Terri Cook, 50 president of McGrath/Power PR, Santa Clara, Calif., since 1983, died June 23 after an accident in an all-terrain vehicle.

Jonathan Bloom, VP, moves up to president.

Internet Edition, August 16, 2000, Page 3


Travel Your Way magazine will emerge from hiatus in January with a new name, a new address and a new role.

Renamed endlesstravel by its new parent company, Travelbyus, the magazine will retain the concept, content and format of its predecessor, according to Linda Packer, editor-in-chief, who will take on the added responsibilities of editorial director of the media division at Travelbyus.

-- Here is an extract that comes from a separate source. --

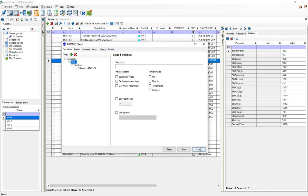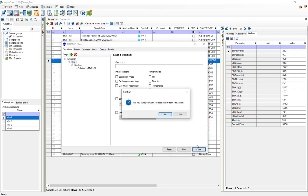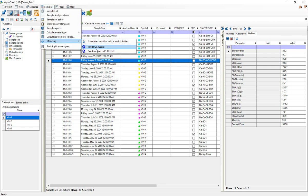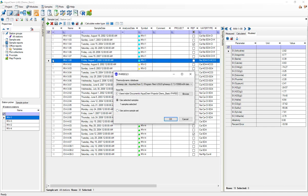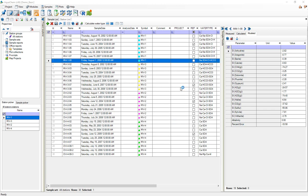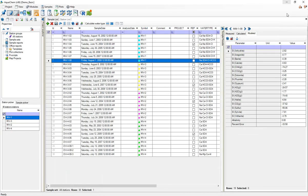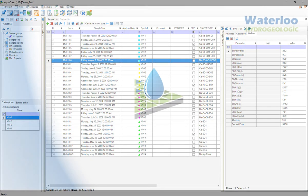And finally I just wanted to show off the send samples to PHREEQC. So if you want to use more PHREEQC's functionality you can do that in PHREEQC by pressing this button. You can select some samples or use the active sample set and once you hit OK PHREEQC will open up with your imported sample and you're able to use all the different functionalities of PHREEQC on them. That's kind of the entire video. Thank you for watching and I hope you learned something.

"The flavor and focus of the magazine will remain the same," said Packer. "We'll continue to focus on the hidden aspect of travel, the off-the-beaten path, quirkier properties and destinations that prompt the `wow' factor in our readers."

Packer said the January 2001 issue will begin with 64 pages as opposed to 32.

The magazine will be mailed directly to an initial base of 600,000 qualified travelers. Information will gain added exposure through the Internet and, potentially, the TV show. In addition, all information will be added to a database that will be available to subscribers of the wireless program "who may be stranded in Beijing looking for a vegetarian restaurant, or might be in New York needing a hotel that allows pets," said Packer.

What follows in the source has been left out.